Autobiographical aspects

As the author himself has admitted, a large part of the novel is a thinly disguised autobiographical account of Le Carre's own life. Before he became a novelist, David Cornwell (John Le Carre) was an intelligence officer for MI6, the British intelligence service, although there are no allegations that he ever betrayed his country and spied for another country like the character Magnus Pym. Like Magnus, Le Carre lost his mother at an early age, was sent to an abusive prep school, studied languages at the University of Berne in Switzerland, in the 1950s worked for the Intelligence Corps of the British Army in Austria interrogating Czech defectors, and at Oxford University spied on far-left student groups for MI5.

Rick Pym, the charismatic con man father of Magnus in the novel, is based on Le Carre's father, Ronnie Cornwell. Ronnie was a confidence man and associate of the Kray twins London organized crime figures. He made and lost several fortunes through elaborate confidence schemes, and was jailed for insurance fraud. Le Carre's relationship with his father was troubled, and he has said,

"Writing A Perfect Spy is probably what a very wise shrink would have advised".

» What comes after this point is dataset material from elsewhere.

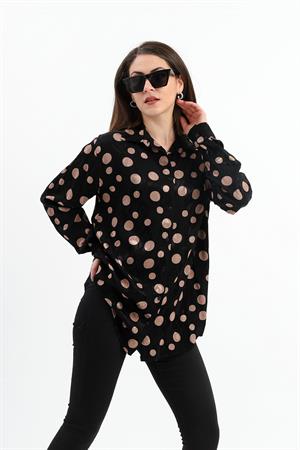 Düşük Kol Puantiye Desen Saten Gömlek - Siyah-Camel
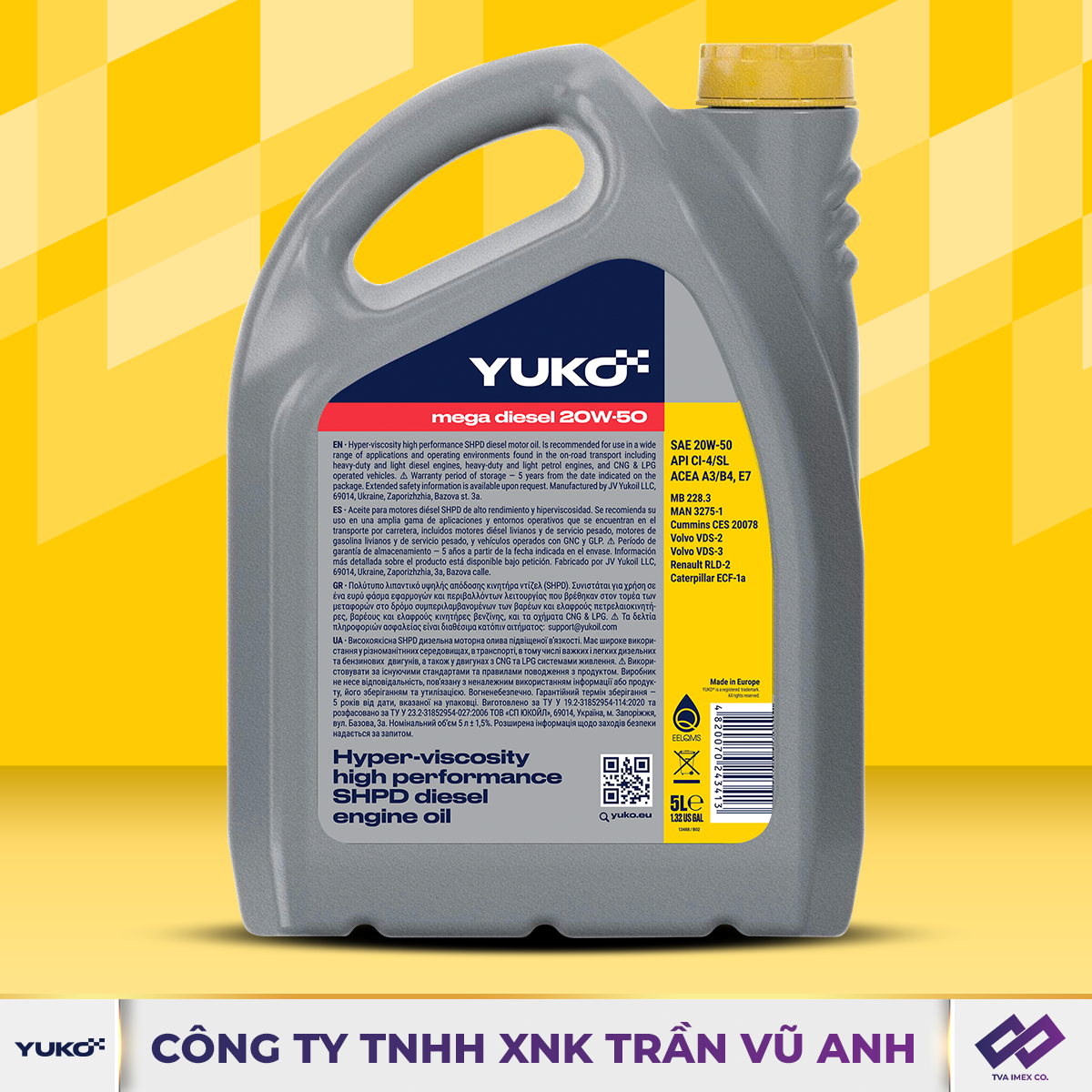 YUKO MEGA DIESEL 20W50 CI-4 5L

Literary significance and criticism

A Perfect Spy marks John le Carré's transition from writing spy novels, more about character than about gun action, to complex character studies of men and women who are spies. Many readers and literary critics consider this novel his best. Philip Roth called it "the best English novel since the war".

Adaptations

A 1987 TV adaptation of the same name was produced by the BBC starring Peter Egan.[1] In an audiobook recording of John le Carré reading aloud an abridged version of this book, he introduces the work as THE Perfect Spy.